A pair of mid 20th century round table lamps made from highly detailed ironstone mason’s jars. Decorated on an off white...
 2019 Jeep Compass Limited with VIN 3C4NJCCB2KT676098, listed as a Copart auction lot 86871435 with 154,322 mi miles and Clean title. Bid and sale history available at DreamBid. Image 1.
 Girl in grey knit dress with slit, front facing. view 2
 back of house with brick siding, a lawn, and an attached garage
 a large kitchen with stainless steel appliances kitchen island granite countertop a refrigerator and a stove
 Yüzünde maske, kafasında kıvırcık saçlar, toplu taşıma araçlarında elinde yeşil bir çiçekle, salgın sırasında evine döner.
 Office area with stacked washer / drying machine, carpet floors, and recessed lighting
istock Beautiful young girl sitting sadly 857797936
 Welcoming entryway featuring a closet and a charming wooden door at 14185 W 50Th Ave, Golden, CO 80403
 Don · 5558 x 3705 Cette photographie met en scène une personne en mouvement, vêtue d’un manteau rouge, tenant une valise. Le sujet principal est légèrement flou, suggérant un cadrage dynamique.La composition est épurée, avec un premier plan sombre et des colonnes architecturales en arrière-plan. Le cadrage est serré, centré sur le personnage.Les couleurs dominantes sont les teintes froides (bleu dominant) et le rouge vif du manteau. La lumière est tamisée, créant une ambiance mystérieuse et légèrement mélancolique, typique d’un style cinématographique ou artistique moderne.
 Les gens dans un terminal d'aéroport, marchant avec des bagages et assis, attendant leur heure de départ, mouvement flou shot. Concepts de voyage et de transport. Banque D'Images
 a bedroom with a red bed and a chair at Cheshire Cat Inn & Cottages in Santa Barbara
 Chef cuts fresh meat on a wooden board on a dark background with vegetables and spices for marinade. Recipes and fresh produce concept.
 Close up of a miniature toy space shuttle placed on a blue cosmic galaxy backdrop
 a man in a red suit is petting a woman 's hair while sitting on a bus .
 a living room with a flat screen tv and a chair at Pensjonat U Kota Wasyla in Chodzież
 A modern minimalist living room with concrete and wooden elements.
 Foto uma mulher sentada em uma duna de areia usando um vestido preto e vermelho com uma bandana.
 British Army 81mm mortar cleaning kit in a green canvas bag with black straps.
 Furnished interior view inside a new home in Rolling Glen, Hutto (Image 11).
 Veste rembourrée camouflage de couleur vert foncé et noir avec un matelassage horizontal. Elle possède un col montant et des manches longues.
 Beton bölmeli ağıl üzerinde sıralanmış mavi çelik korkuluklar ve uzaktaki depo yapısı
____
▸ **Goal of the exercise**
Scan the records above for the lines holding "back of house" and "Welcoming entryway featuring". Transcribe those two and every line between them word for word, and no others.

▸ **Exercise output**
 back of house with brick siding, a lawn, and an attached garage
 a large kitchen with stainless steel appliances kitchen island granite countertop a refrigerator and a stove
 Yüzünde maske, kafasında kıvırcık saçlar, toplu taşıma araçlarında elinde yeşil bir çiçekle, salgın sırasında evine döner.
 Office area with stacked washer / drying machine, carpet floors, and recessed lighting
istock Beautiful young girl sitting sadly 857797936
 Welcoming entryway featuring a closet and a charming wooden door at 14185 W 50Th Ave, Golden, CO 80403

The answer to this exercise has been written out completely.